Being Maori, Being Takatāpui

Presentation Type: Oral
Conference Stream: Intersections
Presenter: Leonie Pihama
Presentation Title: Being Maori, Being Takatāpui
Room: Swan
Program schedule: Friday 14 August 2015 at 11:00
Duration: 30 mins

Summary

This presentation will explore the relationships between being Māori and being takatāpui within contemporary Māori society. It will explore historical and traditional understandings which may be drawn upon for Indigenous understandings of sexuality and provide analysis of the impact of colonial gender and race assumptions that have re-framed and re-defined Māori sexuality.
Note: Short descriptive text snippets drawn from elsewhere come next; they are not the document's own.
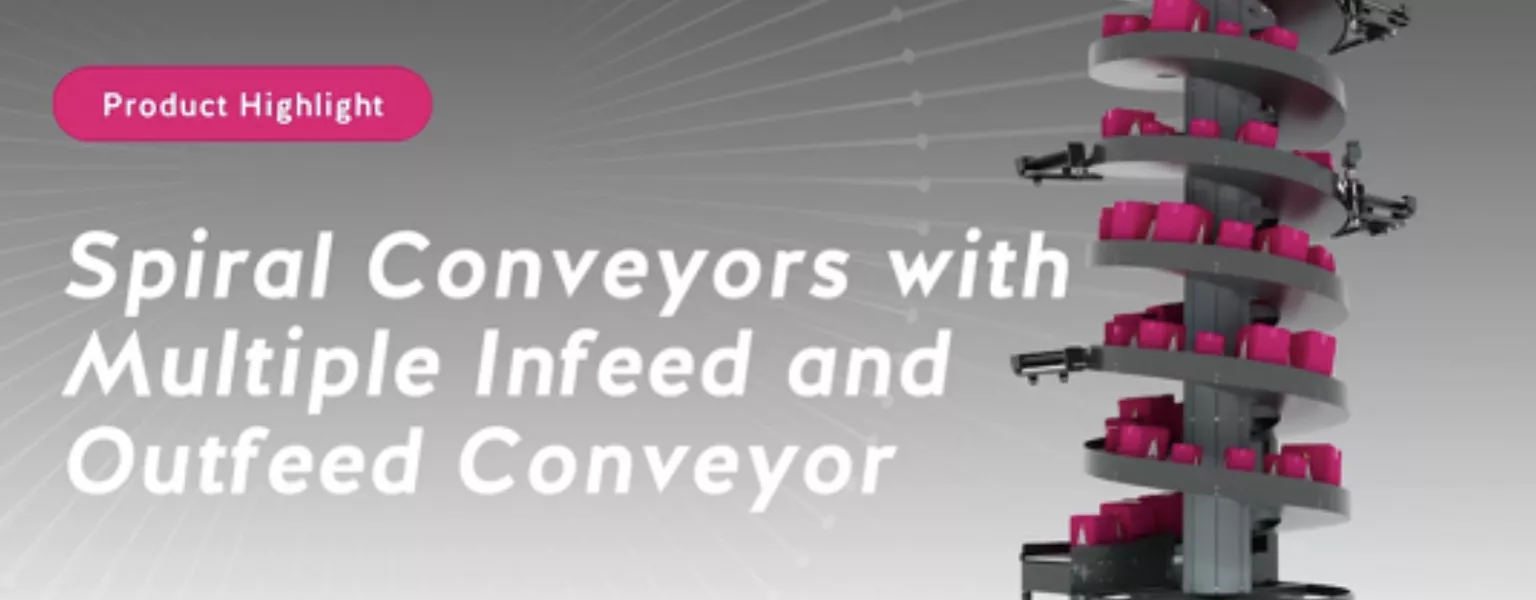 Discover the power of Apollo’s multiple infeed & outfeed spiral conveyor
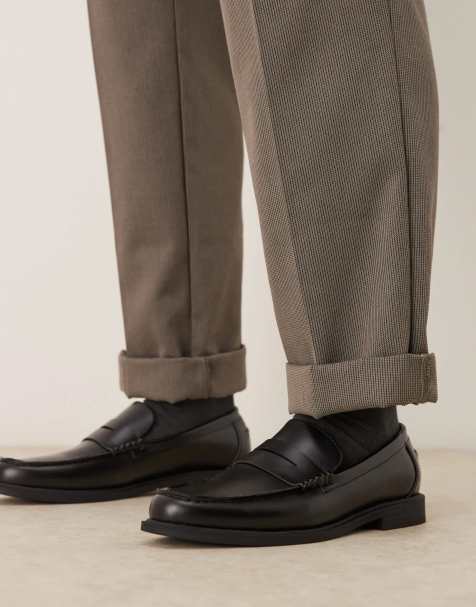 ASOS DESIGN - Penny loafers in zwart - view 1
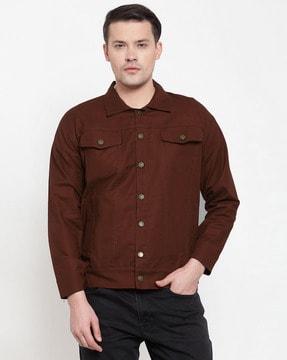 full sleeves slim-fit jacket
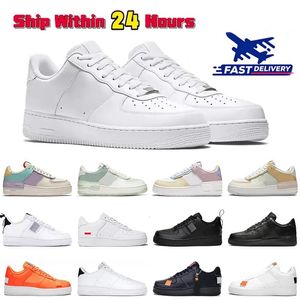 white sneakers for mens designer shoes air casual shoes Running Shoes 1 Outdoor Shoes Air''forces 1 high Platform Shoes classic triple white black Schuhe Trainers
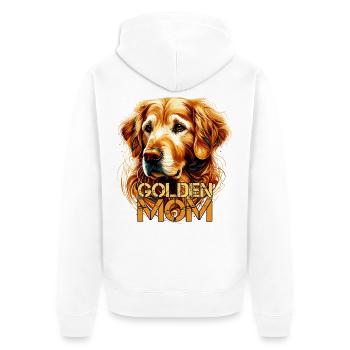 Golden Retriever Golden maman chien cadeau - Veste à capuche bio Premium Unisexe - blanc - Dos - Thijin (182cm)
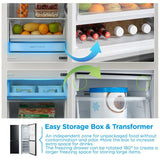 Midea 54.7cm 60/40 Total No Frost Fridge Freezer - Black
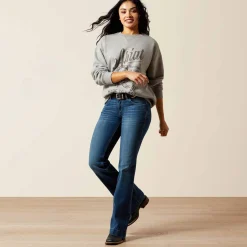 Scorpion Script Oversized Sweatshirt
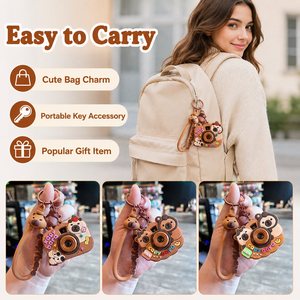Porte-clés Capybara Mignon en Gros, Breloque de Sac en Silicone Kawaii, Pendentif de Voiture Dessin Animé OEM/ODM - Product Image 4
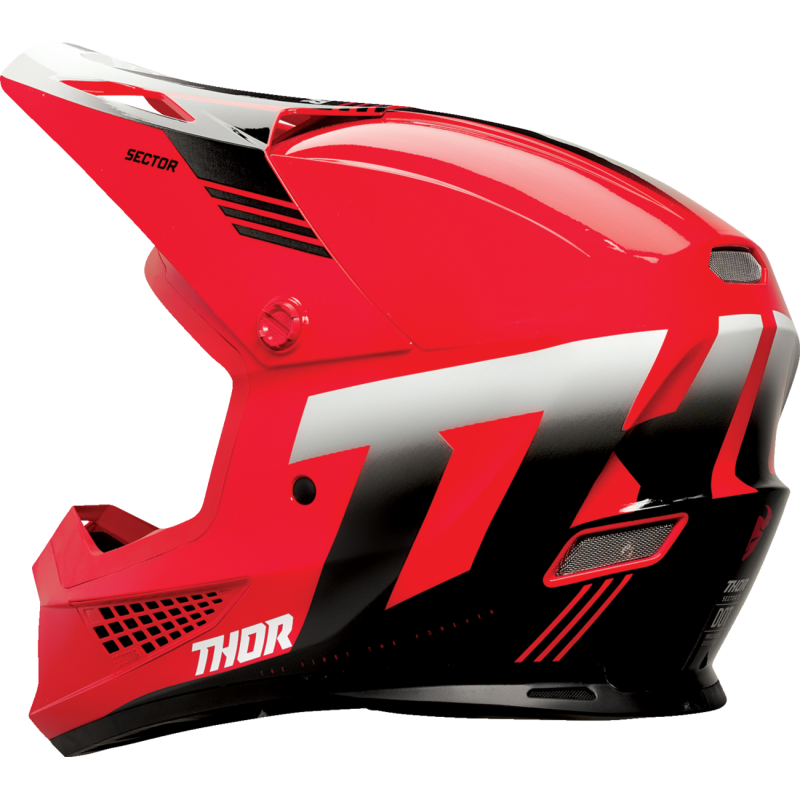 THOR Sector 2 Carve Helmet - Red/White - Size XS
Such ideologies have had a significant impact upon the wellbeing of Māori people and have disrupted fundamental Indigenous understandings, reo (language), tikanga (practices and protocols) and mātauranga (knowledges) about gender and sexuality beliefs and roles within Māori society. This has major implications for health and wellbeing. The presentation will also provide an overview of a current research project development, ‘Honour Project Aotearoa’ will investigate understandings of health and wellbeing in relation to the Takatāpui community. This research project will build on the ‘Honor Project’, a ground-breaking study undertaken by Dr. Karina Walters of the Indigenous Wellness Research Institute at the University of Washington, which explored wellbeing within the Native American Two-Spirit community. ‘Honour Project Aotearoa’ will be the first project to investigate understandings of wellbeing within the Takatāpui community. It will explore the health needs of Takatāpui, and provide insights into processes by which health service delivery can better serve the needs of this particular community.